I have a hard time making decisions.

Its gotten worse over the years and thats been in sobriety thats its gotten worse.

I think perfectionism and worry and fear all come into it.
And lack of acceptance of reality. Sometimes i dont like my choices or i am terrified of the choices. or i am so scared of making a wrong choice. so i freeze out of fear and end up doing nothing but cry. I never used to be like this I dont know what happened.
I also have OCD & am a survivor of child abuse and think this is connected to it as well as having an alki brain.
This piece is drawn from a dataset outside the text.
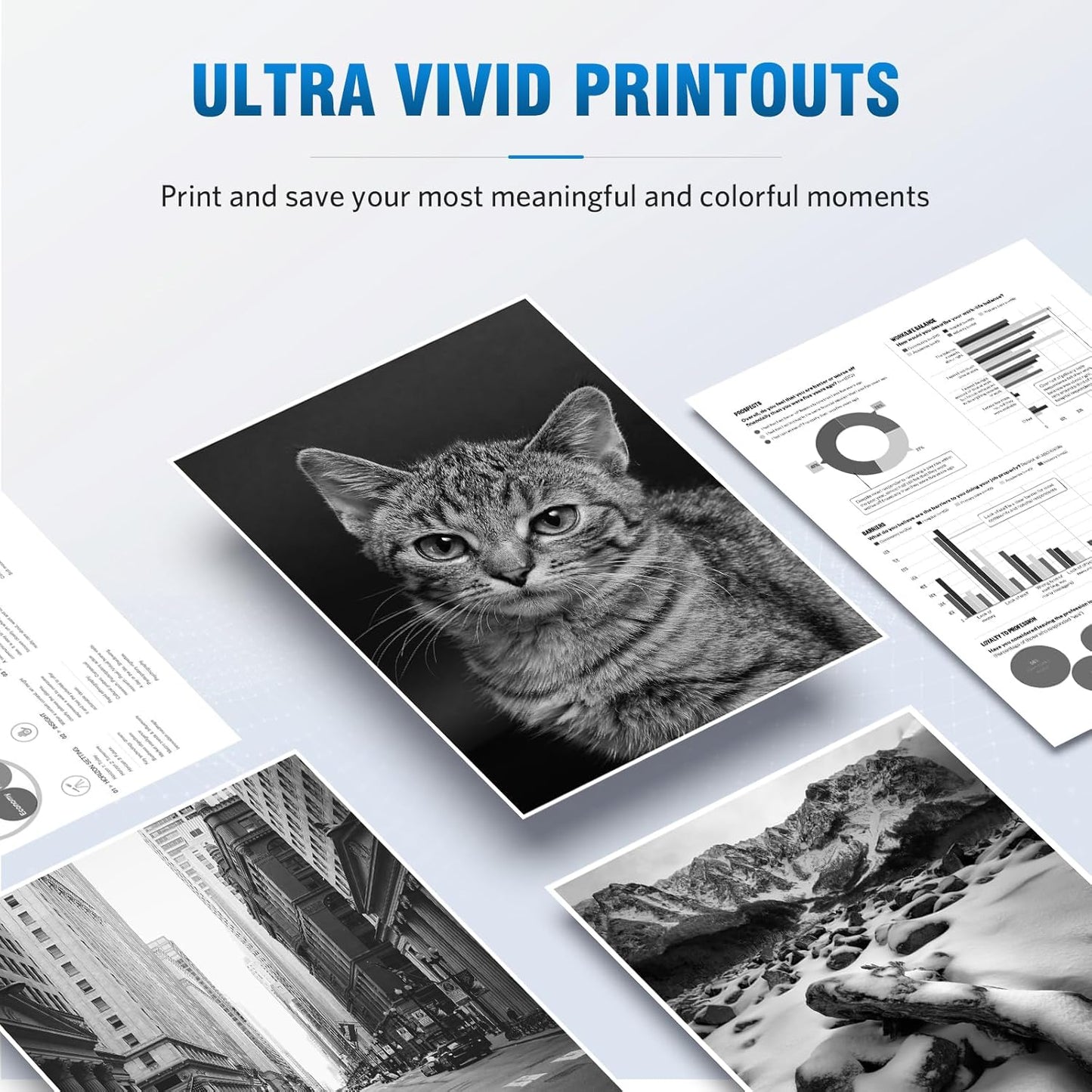 206X W2110X Black Toner Cartridge High Yield (with chip) Compatible Replacement for HP 206X 206A Laserjet Pro MFP M283fdw M283fdn M283cdw M255dw M255nw M282nw M283 M255 M282 Printer Toner (2-Pack)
anyone else get this or similar.



-- Edited by slugcat on Tuesday 17th of August 2010 07:53:43 AM




Like other here I still suffer from the same things.  I often talk to my sponsor about problems such as these, and he always tells me the same things...

 

"perfectionism is setting yourself up for failure.  It's placing unrealistic expectations on yourself that can lead to resenting yourself." (in my case, shame and self pity).

 

"Fear and worry are proof of a lack of faith in your HP." (in my case, still sometimes thinking I have control and know what's best for Brian, but it's still impossible for me to see the bigger picture that he can see).

 

Learning to practice acceptance of life and of things I can not change is hard as hell for me, but I keep trying...forward movement.  When I'm faced with a life changing decision, I NEVER make it alone anymore.  I get the help of someone who might be in a better place (mentally).  I have to remind myself that every problem, just like every journey starts with the first step.  I can't make it to the top of the mountain in one giant step, so I try and start small just to get moving forward.  For me, life is like going up a down escalator...  it's possible for me to make it to the top, but it's hard work.  As soon as I stop, I'm moving backwards again.  For this drunk, backwards is the WRONG WAY!!!